Captioned web images
____
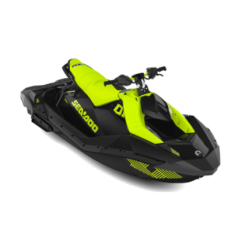 Photo Spark TRIXX 3-UP iBR 2022 - Pièces Jet Ski, accessoires et entretiens - Matos import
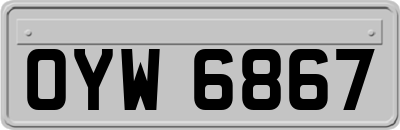 OYW6867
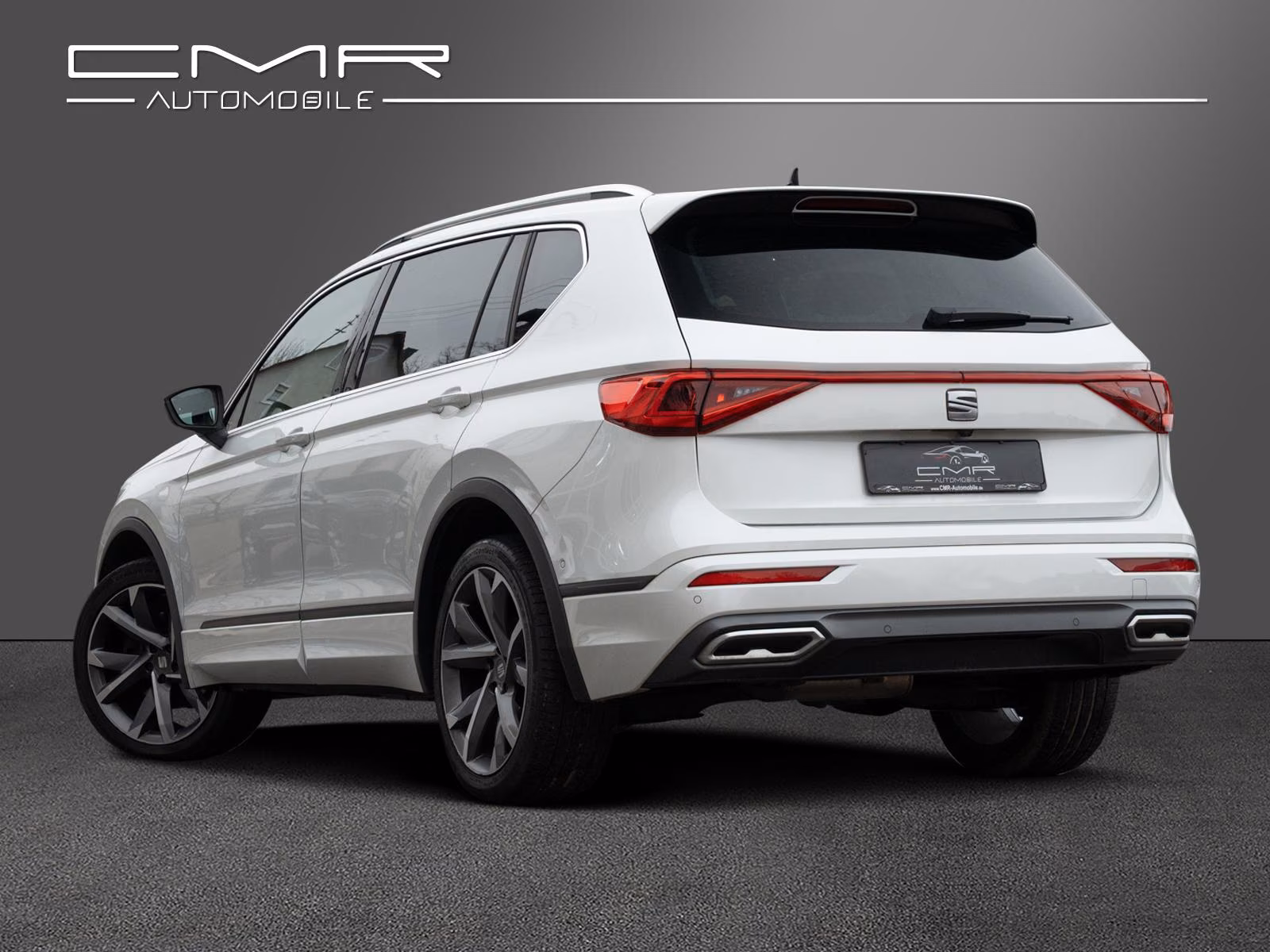 SEAT Tarraco FR 4Drive Business PANO 20-Zoll Beats, миниатюра 6
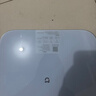 米家小米智能体重秤S200 白色 双接家用健康秤电子秤人物双模式 APP高精准数据测量 体重管理 减肥专用 实拍图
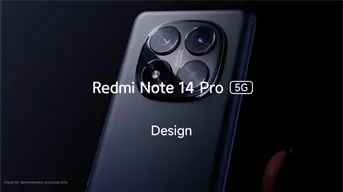 El Xiaomi Redmi Note 14 Pro+ presume un amplia pantalla y rendimiento; llévatelo con remate
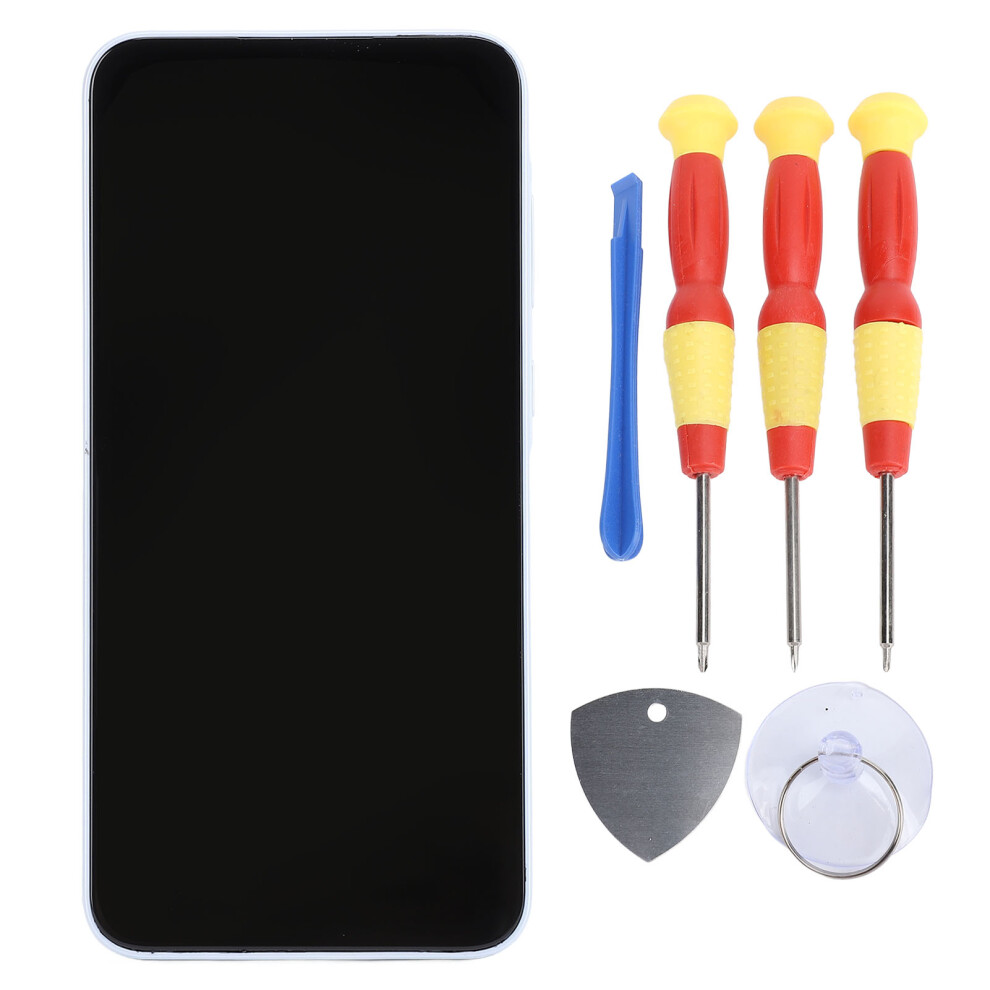 Screen Replacement With Frame And Repair Tools Tft Silver 8320539183916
____
• _EXERCISE AIM_: Copy out each record word for word and omit any pictures.

• _SOLUTION_:
 Photo Spark TRIXX 3-UP iBR 2022 - Pièces Jet Ski, accessoires et entretiens - Matos import
 OYW6867
 SEAT Tarraco FR 4Drive Business PANO 20-Zoll Beats, миниатюра 6
 米家小米智能体重秤S200 白色 双接家用健康秤电子秤人物双模式 APP高精准数据测量 体重管理 减肥专用 实拍图
 El Xiaomi Redmi Note 14 Pro+ presume un amplia pantalla y rendimiento; llévatelo con remate
 Screen Replacement With Frame And Repair Tools Tft Silver 8320539183916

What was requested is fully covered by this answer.